Or, complexité et histoire, ce sont ces deux dimensions qui sont également absentes du monde que contemple le démon de Laplace.
Chapitre troisième : les deux cultures
1. Le discours du vivant.
Historiquement, nous voici en face de deux conceptions du monde qui ont dominé successivement la pensée occidentale : celle d’Aristote et celle de Galilée.
-Au sein du monde aristotélicien, l’homme semblait trouver sa place à la fois comme être vivant et comme être connaissant ; le monde était à sa mesure ; la connaissance intellectuelle le principe même des choses, la cause et la raison finale de leur devenir ; le but qui les habite et qui les organise.
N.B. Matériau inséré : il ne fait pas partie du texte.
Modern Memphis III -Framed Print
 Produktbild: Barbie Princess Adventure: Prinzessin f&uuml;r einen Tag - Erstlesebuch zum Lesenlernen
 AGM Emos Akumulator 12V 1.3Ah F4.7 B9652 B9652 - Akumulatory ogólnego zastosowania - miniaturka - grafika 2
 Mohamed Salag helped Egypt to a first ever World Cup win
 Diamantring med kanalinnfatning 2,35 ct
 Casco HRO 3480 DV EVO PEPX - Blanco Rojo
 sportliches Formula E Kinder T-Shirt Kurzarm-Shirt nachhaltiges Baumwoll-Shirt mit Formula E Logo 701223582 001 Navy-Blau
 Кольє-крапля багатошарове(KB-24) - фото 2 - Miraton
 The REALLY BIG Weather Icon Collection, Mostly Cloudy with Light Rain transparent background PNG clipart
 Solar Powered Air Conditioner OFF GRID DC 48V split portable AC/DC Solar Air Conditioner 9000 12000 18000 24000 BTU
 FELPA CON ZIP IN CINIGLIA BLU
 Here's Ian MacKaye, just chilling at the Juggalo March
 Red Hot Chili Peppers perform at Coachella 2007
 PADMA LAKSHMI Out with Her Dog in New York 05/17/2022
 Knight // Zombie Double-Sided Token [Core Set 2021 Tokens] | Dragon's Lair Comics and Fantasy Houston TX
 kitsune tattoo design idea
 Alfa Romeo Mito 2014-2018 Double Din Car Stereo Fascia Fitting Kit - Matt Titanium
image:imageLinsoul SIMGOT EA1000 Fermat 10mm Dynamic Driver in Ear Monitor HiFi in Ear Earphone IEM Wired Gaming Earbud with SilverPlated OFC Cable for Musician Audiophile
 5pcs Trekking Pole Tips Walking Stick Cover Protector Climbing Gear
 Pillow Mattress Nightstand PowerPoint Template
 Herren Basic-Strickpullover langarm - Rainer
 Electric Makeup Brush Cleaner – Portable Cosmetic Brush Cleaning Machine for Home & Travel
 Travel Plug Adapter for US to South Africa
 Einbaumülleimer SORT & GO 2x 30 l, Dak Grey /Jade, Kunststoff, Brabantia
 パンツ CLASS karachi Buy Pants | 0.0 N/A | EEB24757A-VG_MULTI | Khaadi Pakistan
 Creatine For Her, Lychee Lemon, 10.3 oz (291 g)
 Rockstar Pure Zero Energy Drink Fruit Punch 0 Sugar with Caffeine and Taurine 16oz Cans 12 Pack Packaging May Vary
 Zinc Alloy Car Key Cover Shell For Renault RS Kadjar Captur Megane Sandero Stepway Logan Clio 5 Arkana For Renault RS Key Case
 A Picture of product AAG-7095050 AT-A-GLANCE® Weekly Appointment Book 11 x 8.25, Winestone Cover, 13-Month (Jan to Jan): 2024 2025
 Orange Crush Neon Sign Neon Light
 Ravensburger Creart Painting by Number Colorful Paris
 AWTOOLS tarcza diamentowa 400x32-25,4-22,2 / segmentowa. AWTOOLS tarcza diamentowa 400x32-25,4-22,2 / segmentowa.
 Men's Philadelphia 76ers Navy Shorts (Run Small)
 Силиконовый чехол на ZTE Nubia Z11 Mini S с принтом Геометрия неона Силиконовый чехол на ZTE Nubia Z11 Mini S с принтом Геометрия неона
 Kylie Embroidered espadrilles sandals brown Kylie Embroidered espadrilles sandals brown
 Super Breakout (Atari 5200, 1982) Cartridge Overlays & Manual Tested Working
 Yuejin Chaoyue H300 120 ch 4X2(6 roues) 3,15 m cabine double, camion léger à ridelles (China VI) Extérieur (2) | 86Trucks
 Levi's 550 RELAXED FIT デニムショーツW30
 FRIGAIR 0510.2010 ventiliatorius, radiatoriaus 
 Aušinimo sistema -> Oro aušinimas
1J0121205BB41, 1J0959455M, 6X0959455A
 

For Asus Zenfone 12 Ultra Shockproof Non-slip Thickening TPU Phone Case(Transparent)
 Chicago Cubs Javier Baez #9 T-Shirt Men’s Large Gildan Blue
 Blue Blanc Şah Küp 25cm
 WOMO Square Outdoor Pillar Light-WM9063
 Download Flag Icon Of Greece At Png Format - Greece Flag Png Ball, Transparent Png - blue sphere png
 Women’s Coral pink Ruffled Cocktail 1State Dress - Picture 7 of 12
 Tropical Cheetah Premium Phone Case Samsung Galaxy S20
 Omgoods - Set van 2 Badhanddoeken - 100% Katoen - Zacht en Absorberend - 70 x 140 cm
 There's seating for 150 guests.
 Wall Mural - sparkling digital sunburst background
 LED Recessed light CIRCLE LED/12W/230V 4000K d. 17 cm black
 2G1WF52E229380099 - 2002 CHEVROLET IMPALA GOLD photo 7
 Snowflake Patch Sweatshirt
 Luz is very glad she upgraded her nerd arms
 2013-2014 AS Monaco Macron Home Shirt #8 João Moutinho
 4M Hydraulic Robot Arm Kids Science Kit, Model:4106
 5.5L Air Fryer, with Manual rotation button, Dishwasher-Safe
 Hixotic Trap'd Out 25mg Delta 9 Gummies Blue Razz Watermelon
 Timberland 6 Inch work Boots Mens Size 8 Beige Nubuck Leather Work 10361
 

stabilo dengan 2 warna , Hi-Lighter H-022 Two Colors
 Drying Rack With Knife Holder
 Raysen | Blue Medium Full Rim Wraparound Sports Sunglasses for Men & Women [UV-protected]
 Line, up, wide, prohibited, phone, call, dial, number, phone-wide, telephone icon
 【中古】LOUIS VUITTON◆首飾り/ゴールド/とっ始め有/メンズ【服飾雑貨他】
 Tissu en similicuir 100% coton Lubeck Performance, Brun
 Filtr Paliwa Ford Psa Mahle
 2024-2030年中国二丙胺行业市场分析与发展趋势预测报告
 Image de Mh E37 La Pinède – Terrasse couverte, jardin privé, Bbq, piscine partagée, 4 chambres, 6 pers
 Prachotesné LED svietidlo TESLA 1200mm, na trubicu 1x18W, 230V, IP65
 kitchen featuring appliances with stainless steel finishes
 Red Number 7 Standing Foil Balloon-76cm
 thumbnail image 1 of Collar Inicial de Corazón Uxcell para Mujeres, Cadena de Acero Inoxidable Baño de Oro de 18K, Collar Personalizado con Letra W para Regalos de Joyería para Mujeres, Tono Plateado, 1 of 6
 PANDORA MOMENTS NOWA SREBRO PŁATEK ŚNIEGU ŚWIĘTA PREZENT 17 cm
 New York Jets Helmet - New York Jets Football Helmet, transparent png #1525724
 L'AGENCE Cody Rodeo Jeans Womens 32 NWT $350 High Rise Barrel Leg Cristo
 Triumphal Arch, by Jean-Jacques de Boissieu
-Avec Galilée et le développement de la science moderne, le dialogue expérimental nous a conduit à abandonner les causes finales aristotélicienne au profit du déterminisme universel d’une nature étrangère à l’homme.
Laquelle de ces deux traditions choisir ?
En ce XVIII° siècle, qui voit le triomphe de la mécanique rationnelle de Newton, la question de l’organisation du vivant reste posée.
Dans un entretien imaginaire avec D’Alembert, Diderot se mettait en scène lui-même, fait éclater l’insuffisance de l’explication mécaniste du vivant :
« Qu’est-ce que cet œuf ?
-une masse insensible avant que le germe y soit introduit (…) mais comment cette masse passera-t-elle à une autre organisation, à la sensibilité, à la vie ?
-Par la chaleur ?
-Qui produira la chaleur ?
-Le mouvement.
-Quels seront les effets de ce mouvement ? Au lieu de me répondre, asseyez vous, et suivons les effets de moment en moment. D’abord c’est un point qui oscille, un filet qui s’étend et se colore, de la chaire qui se forme, un bec, des bouts d’ailes, des yeux, des pattes (…) C’est un animal, il marche, il vole, il s’irrite, il s’approche, il se plaint (…) Prétendez-vous avec Descartes que c’est une pure machine imitative ? Si c’est là une machine, vous en êtes une autre. Si vous avouez qu’entre l’animal et vous, il n’y a de différence que l’organisation, vous montrerez du sens et de la raison (…) ».
Contre le temple de la mécanique rationnelle, contre tous ceux qui annoncent que la nature matérielle n’est que masse inerte et mouvement, Diderot en appelle à ce qui fût sans doute avec Aristote le point de départ de la physique à savoir le spectacle du développement progressif de la différenciation et de l’organisation apparemment spontanée de l’embryon. Comment admettre, que la masse inerte, et même la masse newtonienne, animée par les forces d’interactions gravitationnelles puissent fonder l’explication de cette apparition de structures organisées et actives. Le système newtonien ne donne aucun sens à la différenciation de l’espace, à la constitution de limites naturelles, à l’apparition d’un fonctionnement organisé, bref à aucun des processus qu’implique le développement d’un être vivant.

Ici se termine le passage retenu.